Yes, Wave was a hodgepodge of geeky features (hey look — I can see you typing while I’m typing!) without any real compelling use case. But the idea that people might want to collaborate in new ways isn’t a crazy one, and the concept of blending wiki-type features with instant messaging and document management isn’t really all that far-fetched either. It’s possible that Wave was just a little too early, and that most people haven’t even gotten used to the idea of Google Docs, let alone an all-in-one Swiss Army knife version. That doesn’t mean it was a stupid idea.

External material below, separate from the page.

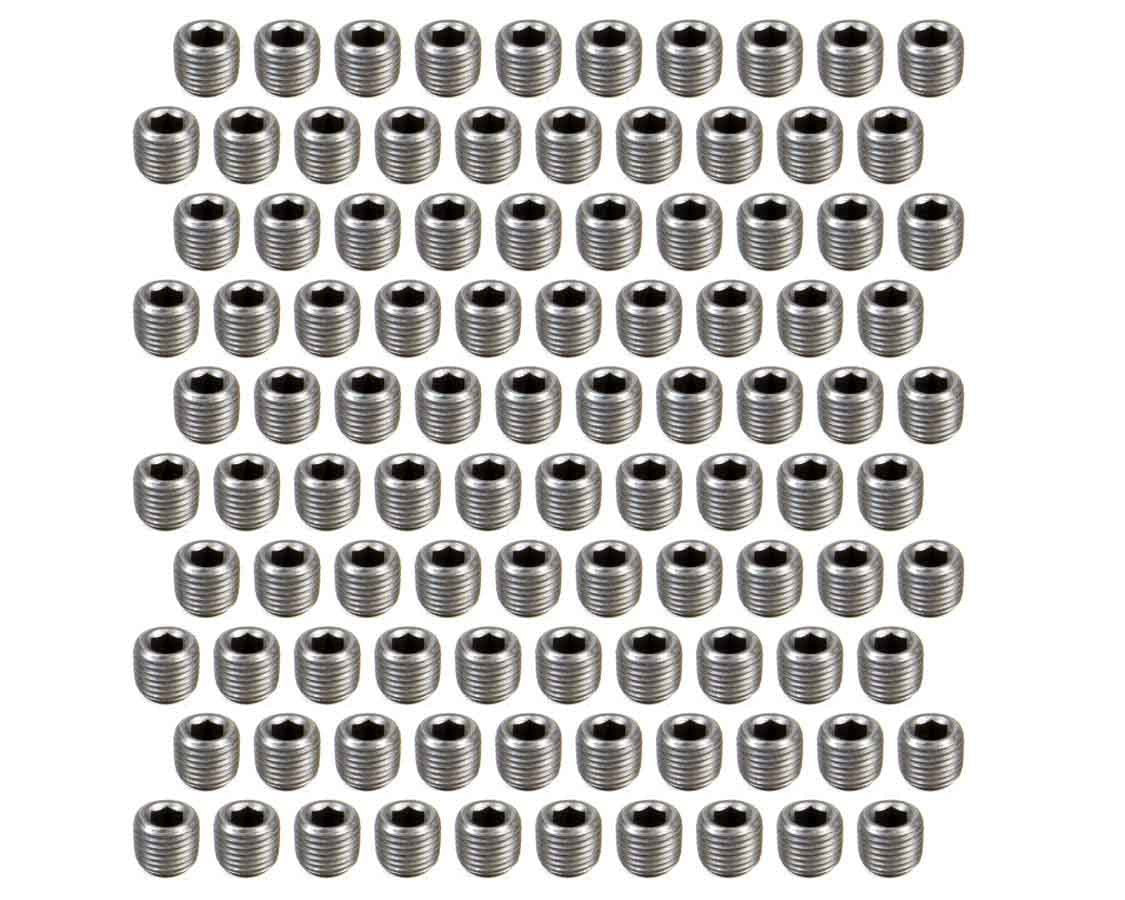 Pioneer Fitting - Plug - 1/4 in NPT - Allen Head - Steel - Natural - Set of 100 PP-507-100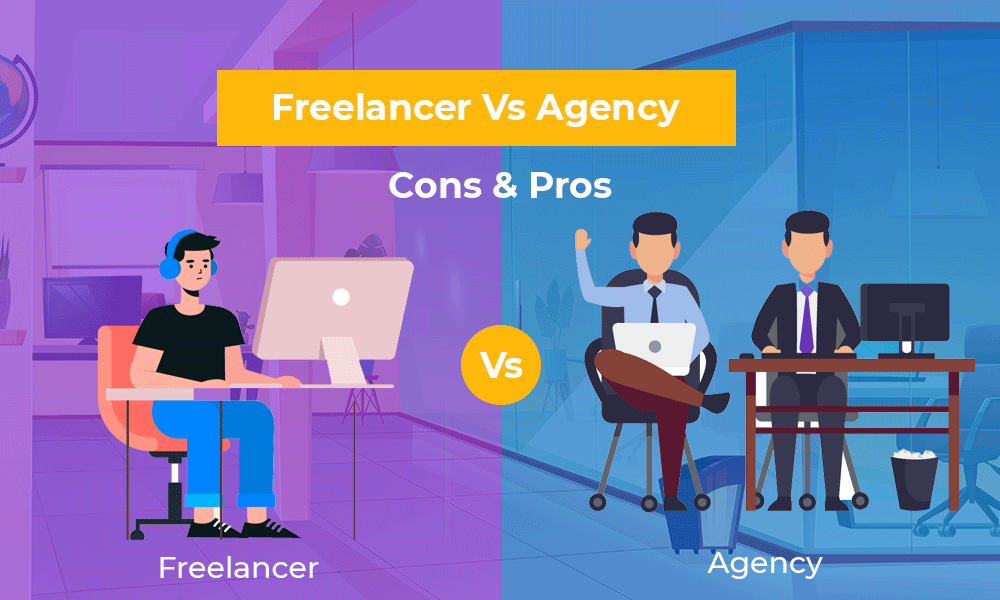 Illustration : freelancer vs. marketing agency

In any case, the impulse to experiment with such things and then release those features and services into the wild is arguably one of the best things about Google — such as the 20-percent projects that occasionally become Gmail or Google News or one of the company’s other big success stories. John Gruber of the Apple blog Daring Fireball writes that he is surprised Wave was even shipped, and that no other company would ever have released it. That may be true — and Apple certainly wouldn’t have, since its focus on hyper-designing everything borders on the pathological.

But that said, isn’t one of the positive things about web companies that they can experiment with things, and “fail quickly and fail often?” Isn’t that what so many startup advisors keep telling companies they should be prepared to do if they want to succeed? It’s kind of refreshing that a company the size of Google is still tossing experiments out into the world to see what happens to them and then try to learn from that. There aren’t many other large companies that are willing to do that.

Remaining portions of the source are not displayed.